Input: This method takes a two dimensional vector array as input the first input. Dimensions need to be nxn. The second input needs to be a vector of length n. The dimensions need to be checked before calling the method.
Output: This will return a double number value representing the smallest eigenvalue.
Usage/Example:
In our main function we want to create a two dimension vector array a, vector array b, use 15 for maxiter, and use .0001 for tol.
#include<vector>
#include<iostream>
int main(void)
{
int n = 3;
std::vector<double> b(n);
std::vector<std::vector<double>> a(n, std::vector<double>(n))
a[0][0] = 7.0
a[0][1] = 3.0
a[0][2] = 1.0
a[1][0] = 3.0
a[1][1] = 10.0
a[1][2] = 2.0
a[2][0] = 1.0
a[2][1] = 2.0
a[2][2] = 15.0
b[0] = 11.0
b[1] = 15.0
b[2] = 18.0
std::cout << invpowermethod(a, b, 15, .0001) << std::endl;
return 0;
}
You have created
a = [[7.0, 3.0, 1.0],
[3.0, 10.0, 2.0],
[1.0, 2.0, 15.0]]
b = [11.0, 15.0, 18.0]
Our output for the invpowermethod method will be
6.981691895271173
Implementation/Code: The following is the code for invpowermethod(a, b, maxiter, tol)

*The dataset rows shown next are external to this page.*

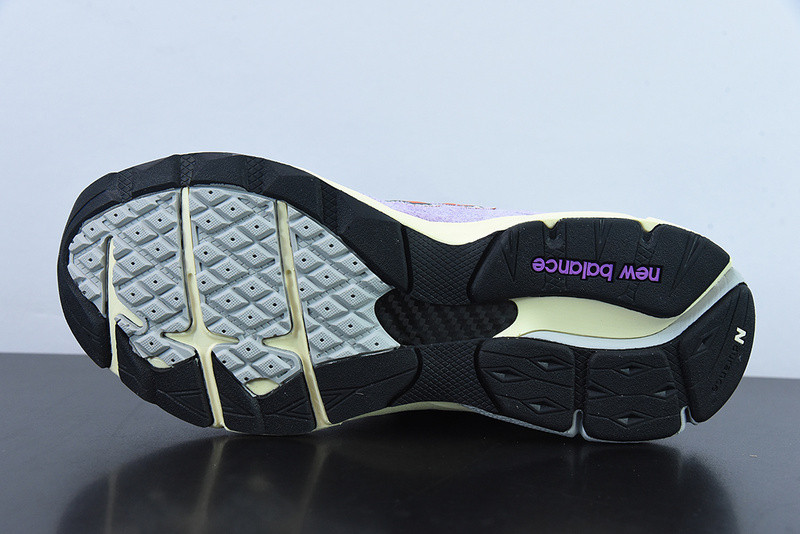new balance sneaker
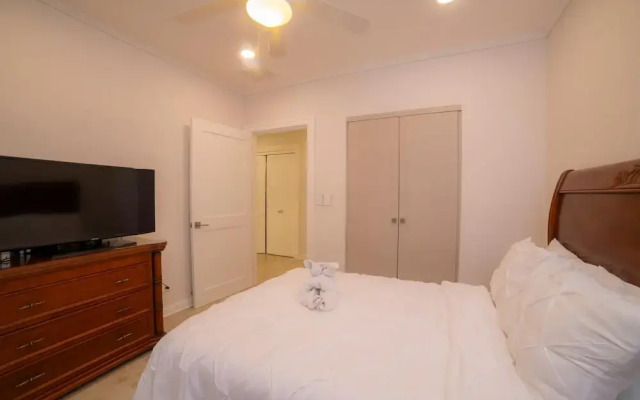 Del Mar 4M - 3 bdr 2 Bath Condo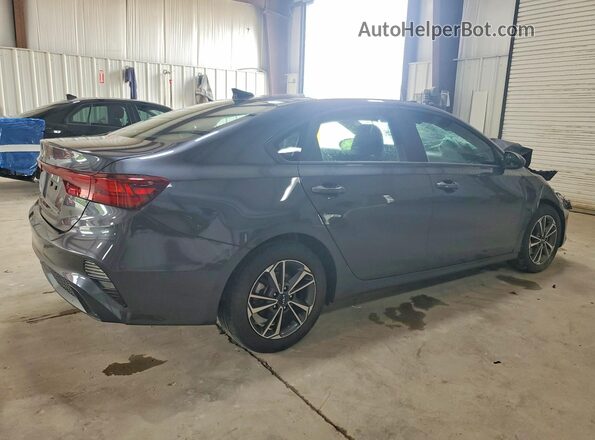 3KPF24AD4RE806831 2024 KIA FORTE Gray Trasero derecho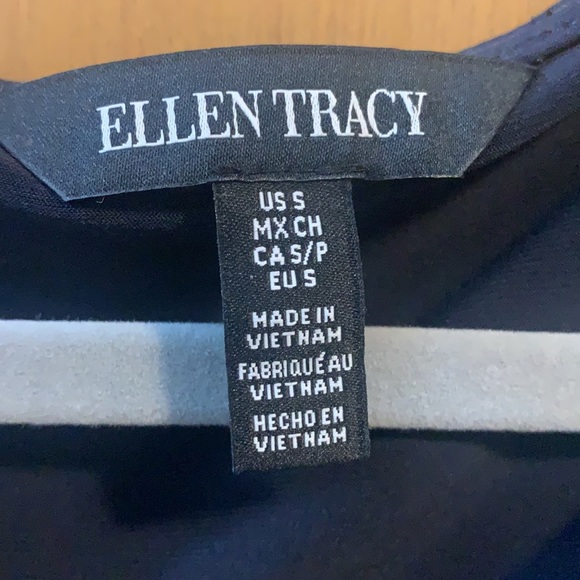 Blouse - Picture 2 of 4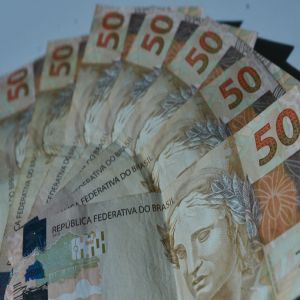Governo quer renovar auxílio até setembro e busca recursos para novo Bolsa Família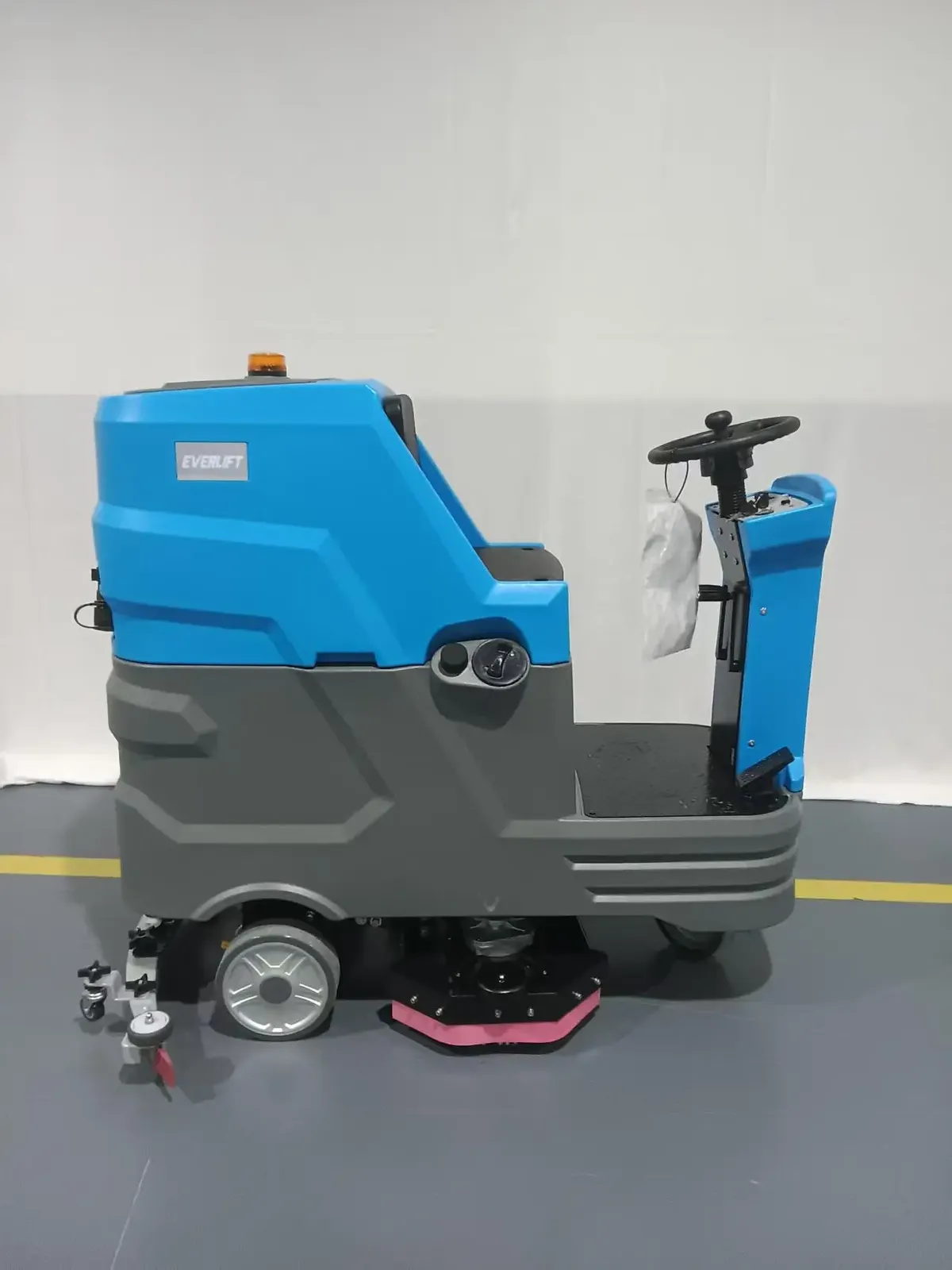 Floor Scrubber Machine 580mm Ride on Floor Scrubber photo 4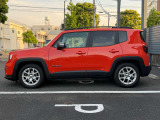 台形のホイールハウスもJeepの特徴。横から見てもJeepだとわかりますね!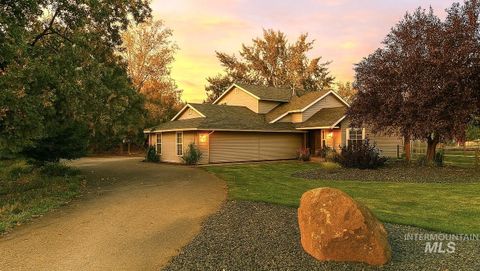 2700 N Showcase Pl. Eagle ID 83616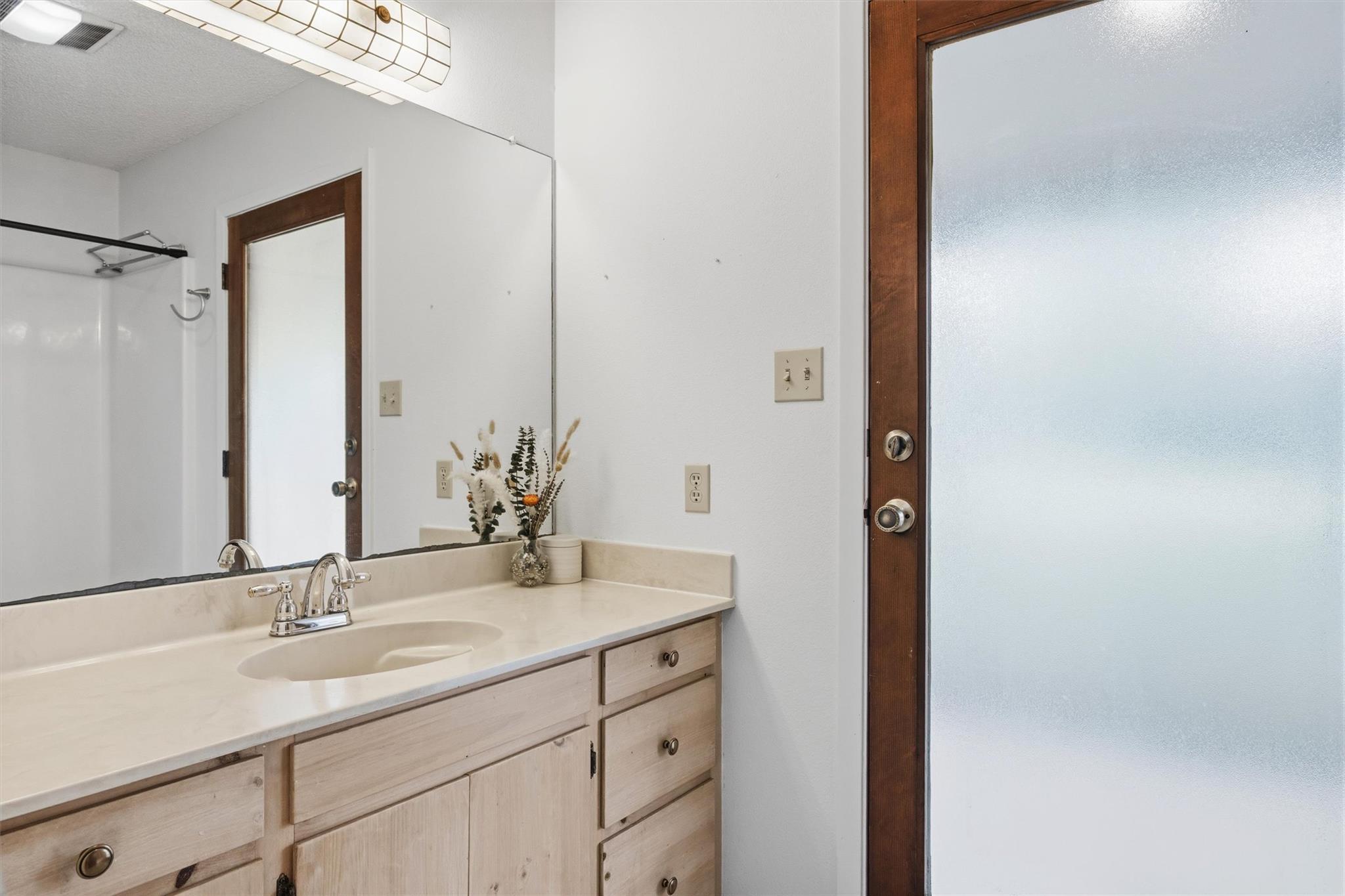 1800 County Road 436, Dime Box, TX 77853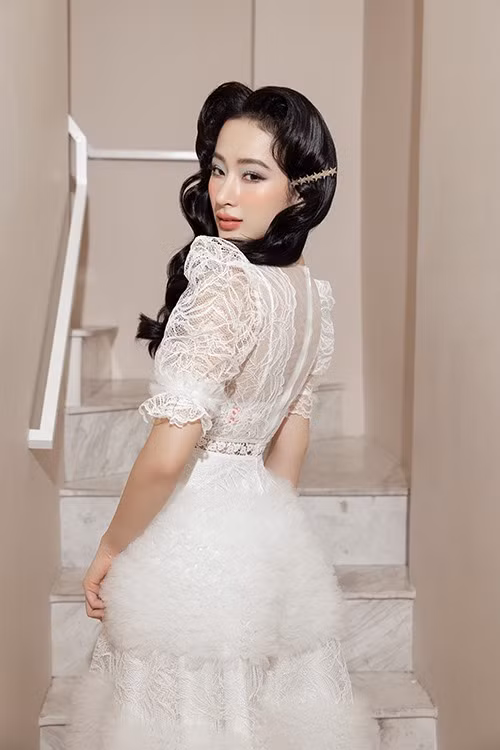 Angela Phương Trinh nói rằng hiện tại cô thấy thoải mái với lựa chọn của mình bằng những gam màu nữ tính, kín đáo. Tuy nhiên, người đẹp cũng nói rằng cô sẽ thay đổi phong cách thời trang tùy vào sự kiện chứ không phải bó buộc ở một hình ảnh nhất định.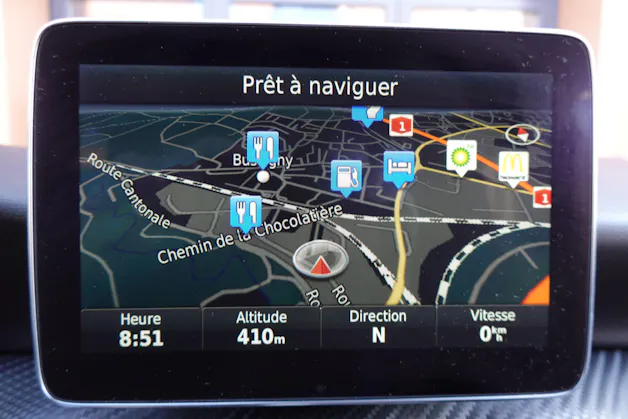 Mercedes-Benz A 250 Sport 4Matic 7G-DCT -" Pack AMG * Sièges Chauffants * Camera de recul* GPS * Tempomat * intérieur carbone *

double invpowermethod(std::vector<std::vector<double>> a, std::vector<double> b, int maxiter, double tol)
{
double error = tol * 10;
double eigen0 = 0.0;
int k = 0;
int n = b.size();
std::vector<double> y = lufact(a, b);
while (error > tol && k < maxiter)
{
int i, j;
double sum;
double norm2vec = 0.0f;
for (i = 0; i < n; i++)
{
norm2vec += (y[i] * y[i]);
}
norm2vec = sqrt(norm2vec);
for (i = 0; i < n; i++)
{
y[i] *= (1 / norm2vec);
}
std::vector<double> z = lufact(a, y);
double eigen1 = 0.0f;
for (i = 0; i < n; i++)
{
eigen1 += y[i] * z[i];
}
error = std::abs(eigen1 - eigen0);
eigen0 = eigen1;
k++;
for (i = 0; i < n; i++)
{
y[i] = z[i];
}
}
return 1/eigen0;
}
Last Modified: December 2018